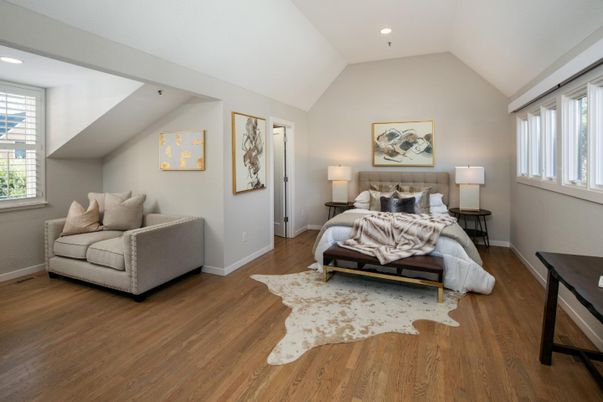 Bedroom, Interior, Recessed Lighting, Wood Texture Flooring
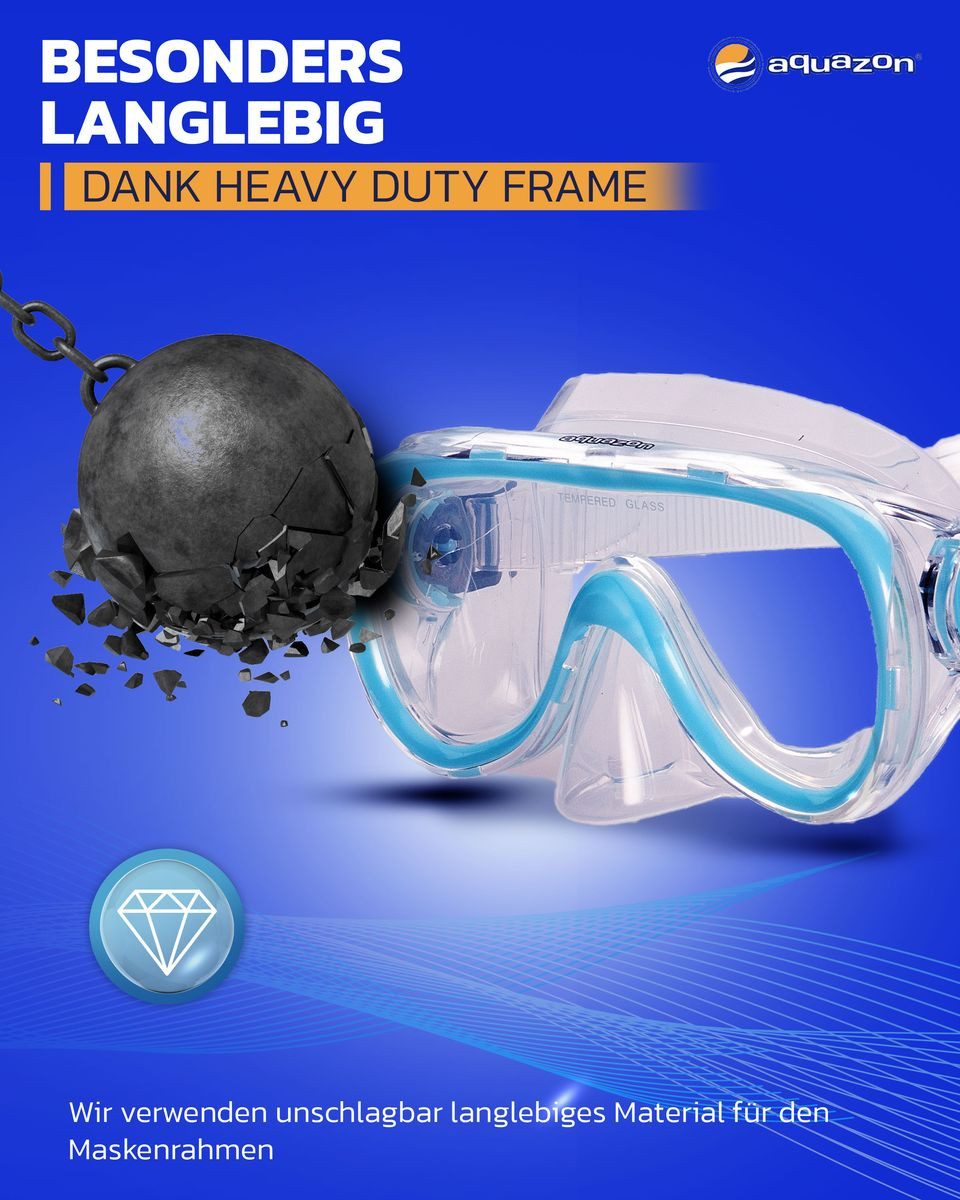AQUAZON Taucherbrille DOLPHIN, Schnorchelbrille für Kinder 7-12 Jahre, Tempered glas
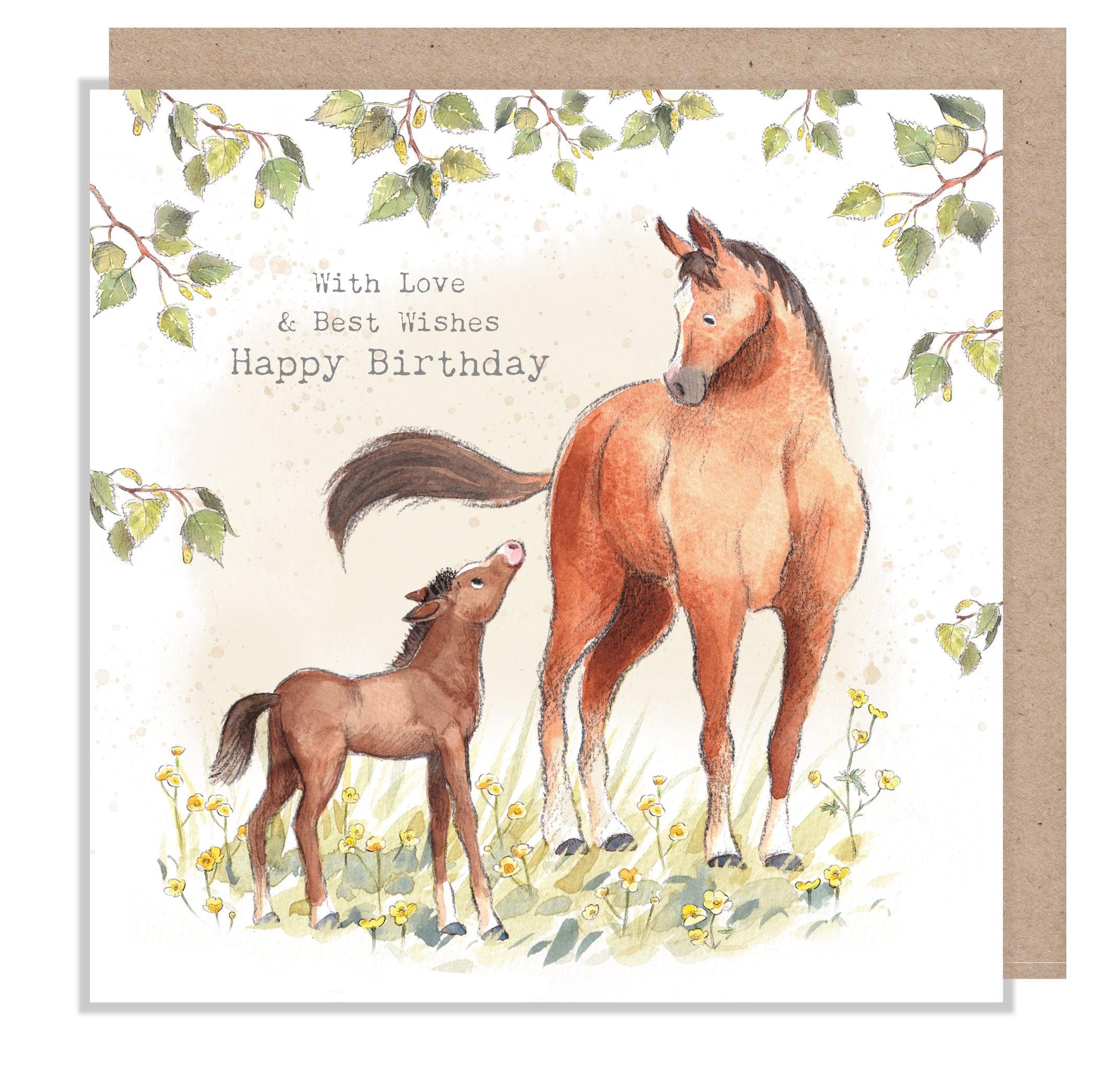 Birthday Card - Quality Greeting Card - Charming illustration - 'Buttercup Farm' range - Horse and foal- Made in UK -  BF015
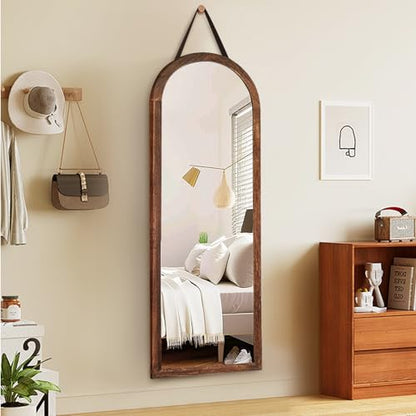 48x16in Arched Full Length Mirror Solid Wood Frame, Brown - color: Browna, size: 48"L x 16"W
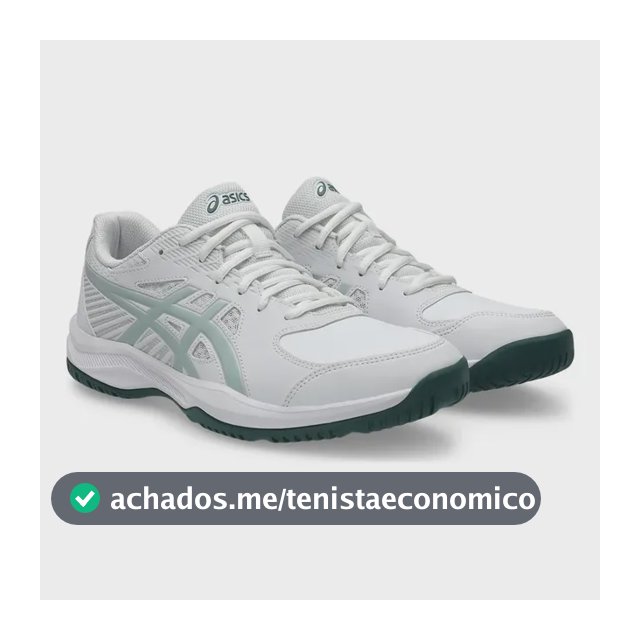 Tenis Asics Court Slide 4 Masculino Branco/verde 39 Br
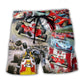 Car Racing Independence Day Celebration Beach Shorts Artwork Detail For Tropical Travel And Everyday Wear
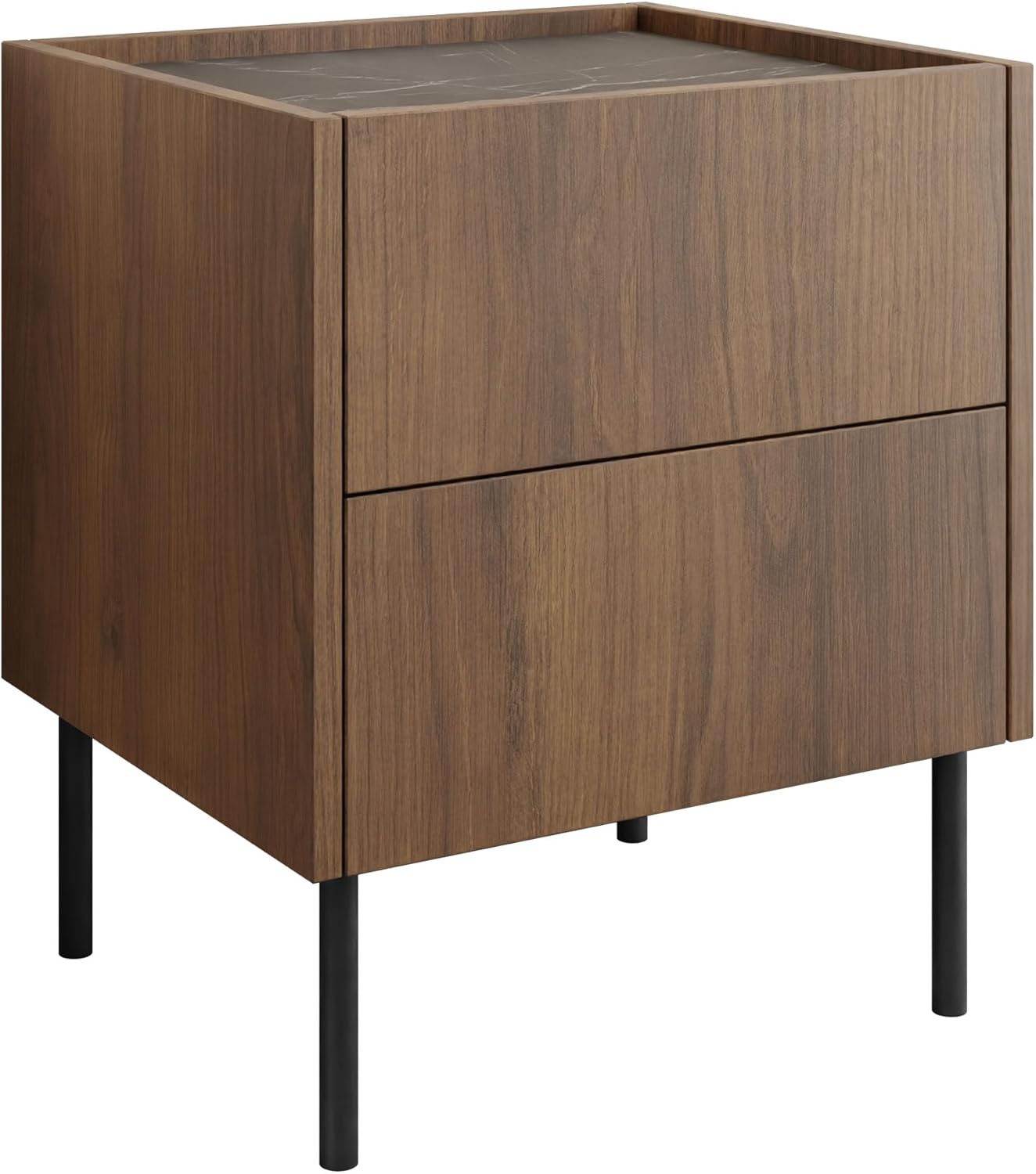 Mirjan24 Nachttisch Tewos S40 S2 mit 2 Schubladen, Metallfüße, Nachtschrank, Nachtkonsole, Nachtkommode, Beistelltisch (Nuss Warmia + Marmor Schwarz)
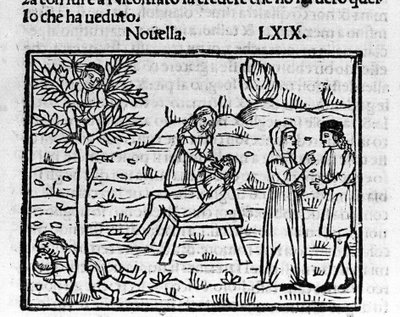 Lidia, una esposa adúltera, es sorprendida por su esposo en los brazos de Pirro. Ilustración para la noticia 69 (Nueva 9 del séptimo día) del 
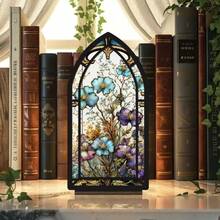 Gothic Cathedral Window Acrylic Desktop Storage Box, Mysterious Galaxy Floral Print Decorative Organizer For Pens And Cosmetics, Home Office Desk Decor, Book Accessories, Decorative Books - 1PC - View 5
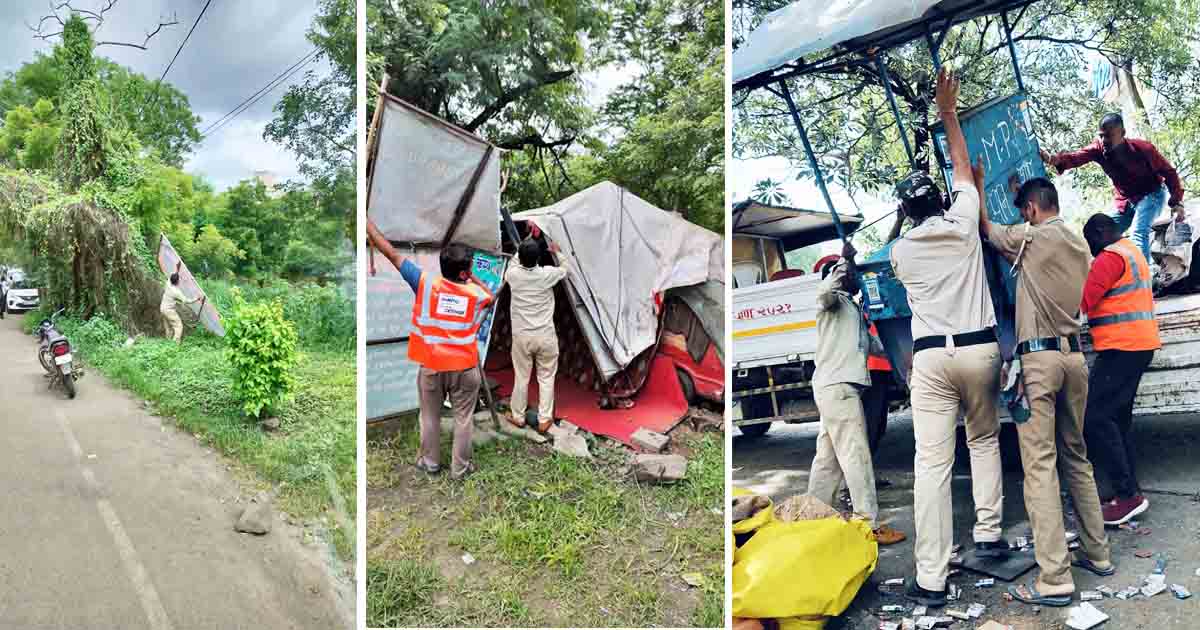 PMC removes road encroachments on NIBM Undri road1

....................

Problem details » Give back the whole of the material exactly, with the pictures removed.

Your solution »
 Bedroom, Interior, Recessed Lighting, Wood Texture Flooring
AQUAZON Taucherbrille DOLPHIN, Schnorchelbrille für Kinder 7-12 Jahre, Tempered glas
 Birthday Card - Quality Greeting Card - Charming illustration - 'Buttercup Farm' range - Horse and foal- Made in UK -  BF015
 48x16in Arched Full Length Mirror Solid Wood Frame, Brown - color: Browna, size: 48"L x 16"W
 Tenis Asics Court Slide 4 Masculino Branco/verde 39 Br
 Car Racing Independence Day Celebration Beach Shorts Artwork Detail For Tropical Travel And Everyday Wear
 Mirjan24 Nachttisch Tewos S40 S2 mit 2 Schubladen, Metallfüße, Nachtschrank, Nachtkonsole, Nachtkommode, Beistelltisch (Nuss Warmia + Marmor Schwarz)
 Lidia, una esposa adúltera, es sorprendida por su esposo en los brazos de Pirro. Ilustración para la noticia 69 (Nueva 9 del séptimo día) del 
 Gothic Cathedral Window Acrylic Desktop Storage Box, Mysterious Galaxy Floral Print Decorative Organizer For Pens And Cosmetics, Home Office Desk Decor, Book Accessories, Decorative Books - 1PC - View 5
 PMC removes road encroachments on NIBM Undri road1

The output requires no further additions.